3. The burden of proof may be reversed in national civil proceedings
The Court considers that it is not clear from the EU Blocking Statute that an EU operator is required to provide reasons for the termination of a commercial contract with a person on the SDN List. EU operators could thereby terminate those contracts, and this without the authorisation from the EU Commission and without providing a reason for that termination.
However, the Court also noted that in the case at hand, and pursuant to German law, the termination of a contract in breach of a statutory prohibition would be null and void and the burden of proof would be on the party arguing such a breach. The Court is of the opinion that this would result in the proof of the violation of the EU Blocking Statute being difficult or impossible to prove, thereby undermining the effectiveness of the prohibition in the EU Blocking Statute.
Consequently, the Court considers that where all the evidence available to the national court in civil proceedings suggests, prima facie, that an EU operator sought to comply with the laws in the EU Blocking Statute Annex and this without an authorisation to do so, the burden of proof should shift to said EU operator. The latter would then have to demonstrate, ‘’to the requisite legal standard’’, that its conduct did not seek to comply with laws listed in the EU Blocking Statute Annex.
4. The freedom to conduct business and the risk of disproportionate losses should be taken into account when assessing the annulment of a termination of contract in breach of the EU Blocking Statute
The ECJ recalls Article 16 of the Charter of Fundamental Rights of the European Union (‘’Charter’’), which provides the freedom to conduct a business, and Article 52(1), which lists the conditions applicable when limiting the exercise of rights and freedoms in the Charter, including the freedom to conduct a business.
The Court considers that the Charter does not prevent the annulment of the termination of the contracts by an EU operator, provided that it does not entail disproportionate effects for said EU operator. If such annulment constitutes a limitation of the Charter’s freedom to conduct business, the annulment must be in compliance with the conditions in Article 52 of the Charter.
The ECJ is of the view that the annulment of the termination of the contract is a limitation, not a deprivation, of Telekom’s possibility to assert its interests. Furthermore, this limitation on the freedom of business as a result of the annulment of the termination of the contract appears necessary in order to counteract the effects of the laws listed in the EU Blocking Statute Annex, which protects the legal order and interests of the EU.
Recalling that the freedom to conduct business is not absolute and that it is for the national courts to establish whether such a limitation would be proportionate, the Court invites the German court to balance the proportionality on the freedom to conduct business for Telekom with the objectives of the EU Blocking Statute and the probable economic loss suffered by Telekom as a result of the annulment of the termination. The ECJ also indicates that is relevant to the assessment, whether the EU operator applied for an EU Commission authorisation to not comply with the prohibition of the EU Blocking Statute.

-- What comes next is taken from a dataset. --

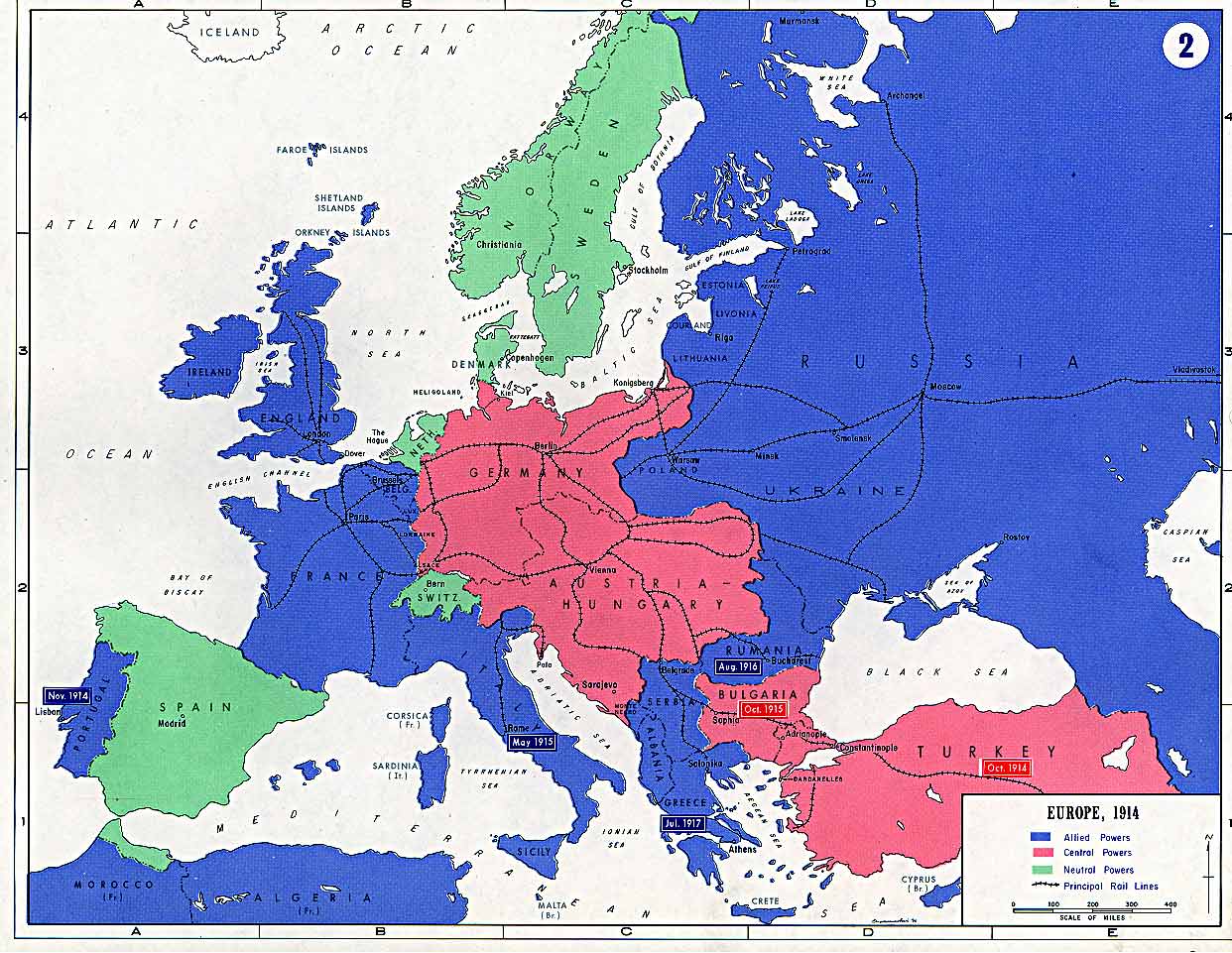 europe monde war1 carte 1914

From this ruling, it thereby appears that EU operators’ commercial decisions to avoid loss for their business may be challenged and subject to legal scrutiny in civil proceedings. From this ruling however, it also appears that EU operators are provided with the opportunity to demonstrate that the limitation to their freedom to conduct a business would be disproportionate to the objectives of the EU Blocking Statute, which could thereby warrant non-compliance with its prohibition.
With the ongoing proposal to amend the EU Blocking Statute, it remains to be seen whether the takeaways from this judgment will still be relevant.